Input data:

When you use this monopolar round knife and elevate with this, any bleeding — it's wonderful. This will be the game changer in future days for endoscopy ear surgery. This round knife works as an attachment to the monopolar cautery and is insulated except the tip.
--
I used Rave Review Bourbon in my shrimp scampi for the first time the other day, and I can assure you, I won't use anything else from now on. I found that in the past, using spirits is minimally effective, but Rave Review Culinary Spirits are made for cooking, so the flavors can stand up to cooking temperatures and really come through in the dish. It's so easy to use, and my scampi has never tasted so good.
...
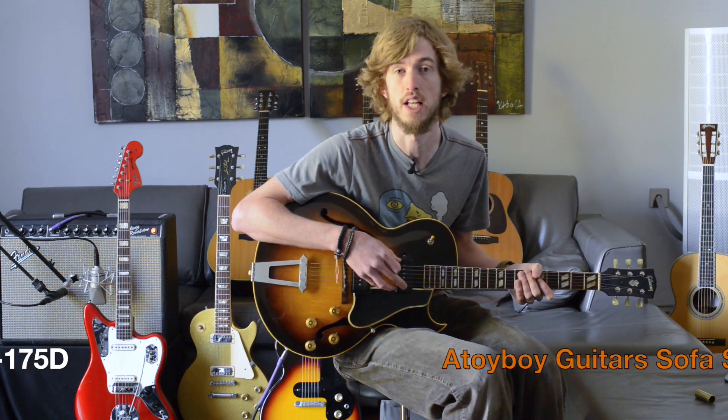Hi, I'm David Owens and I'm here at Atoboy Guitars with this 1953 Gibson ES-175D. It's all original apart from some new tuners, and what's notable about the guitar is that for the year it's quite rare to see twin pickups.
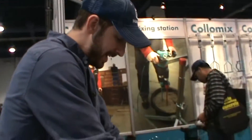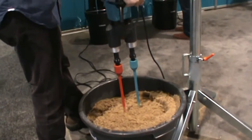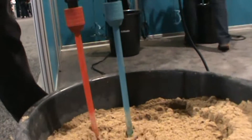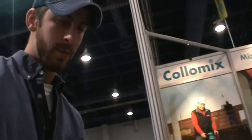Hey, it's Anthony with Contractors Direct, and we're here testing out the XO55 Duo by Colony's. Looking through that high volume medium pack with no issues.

Task statement:
Reproduce the listing above from the line that holds "Hi, I'm David" through the line that holds "Hey, it's Anthony", both included, with the pictures left out.

Answer to this exercise:
Hi, I'm David Owens and I'm here at Atoboy Guitars with this 1953 Gibson ES-175D. It's all original apart from some new tuners, and what's notable about the guitar is that for the year it's quite rare to see twin pickups.
Hey, it's Anthony with Contractors Direct, and we're here testing out the XO55 Duo by Colony's. Looking through that high volume medium pack with no issues.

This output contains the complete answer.